「東日本大震災で、実家が流され、両親も職を失い、もうバレーをあきらめようと思ったこともありました。今日の優勝で、あの時にお世話になった方々へ、少しは恩返しができたのではないかと思います」

 V・プレミアリーグで8年ぶり3度目の優勝を決めた東レアローズの司令塔、藤井直伸はそう言って胸を張った。6年前は大学生だったが、大学の理事長の厚意で学費を免除してもらい、バレーを続けることができた。トス回しは助っ人外国人にも頼りながら、ミドルを多用する独特のもの。昨季はそのトスを分析され、ファイナル3のフルセットの場面で6連続ブロックを食らい、3位にとどまった。今季はジョルジェフ・ニコラとミドルをうまく使い分けて、レギュラーラウンドもファイナル6も1位で通過した。

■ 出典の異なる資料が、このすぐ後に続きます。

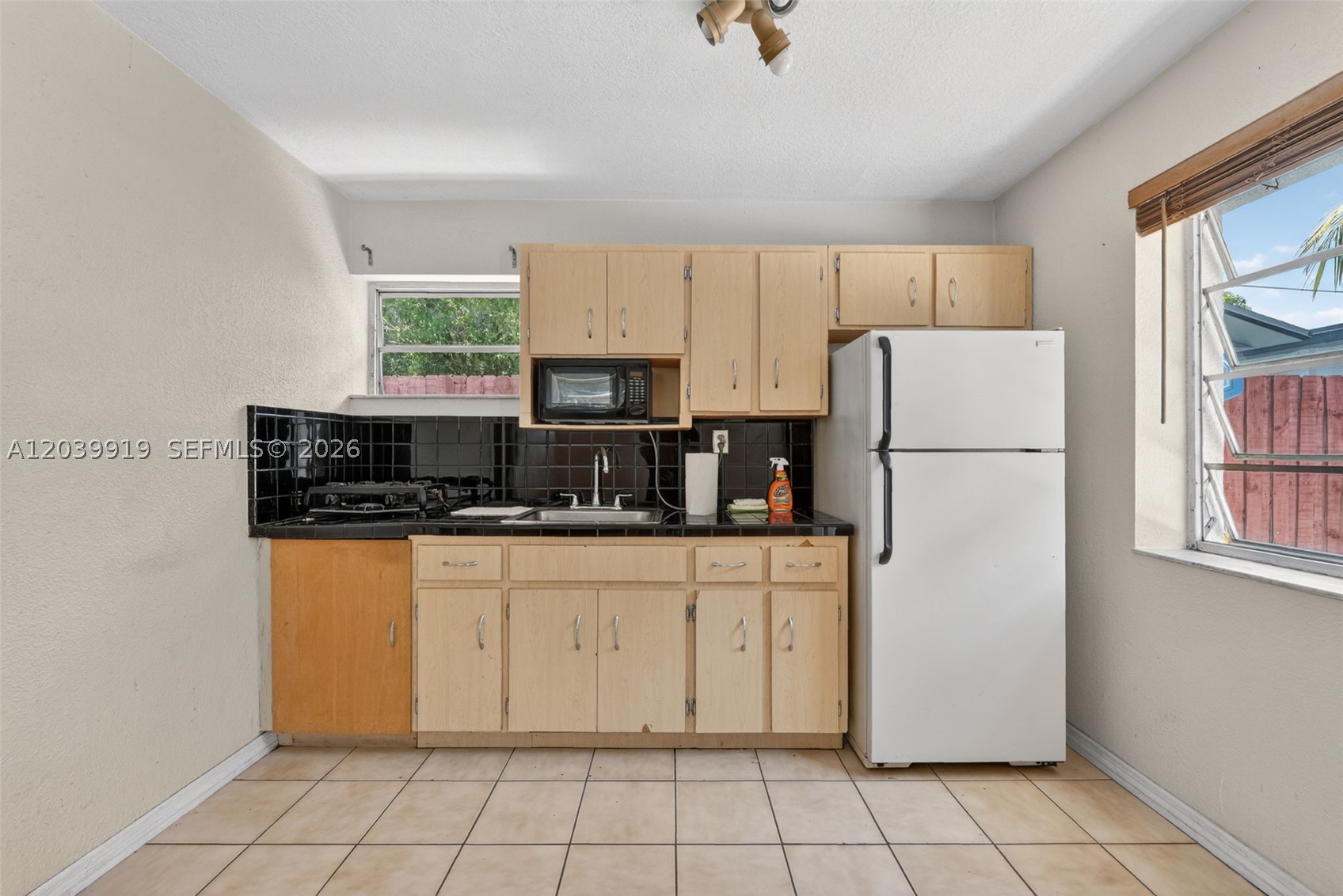 DOUGLAS 7TH COMML CENTER - Residential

東レの優勝に大きく貢献したセッター藤井直伸「今季この優勝があったのは、各選手・スタッフがそれぞれの役割を全うしたことが一番ですが、なかでも、藤井と米山(裕太)の成長と活躍がもっとも大きな要因だったと言えるでしょう」

 小林敦監督も藤井の功績を称えた。

 前日のグランドファイナル1戦目をストレートで勝利したあと、東レは「今日は負けたつもりで明日の試合に臨もう」と決めたという。今季から導入されたゴールデンセット方式では、連日で試合を行ない、セット率、得点率にかかわらず1勝1敗になった場合は25点制の「ゴールデンセット」で勝負が決まる。

 先週行なわれたファイナル3では、土曜日、ジェイテクトが先勝したが、日曜日は豊田合成が勝ってタイに持ち込み、その勢いでゴールデンセットも取って、ファイナルの舞台に上がってきた。

「何しろ初めてのことなので、何を参考にしたらいいのかわからない。なので、先週のファイナル3を参考にして、1日目に勝っても、とにかく2日目は『昨日は負けたんだという気持ちで臨もう』と選手たちをコートに送り出しました」という小林監督。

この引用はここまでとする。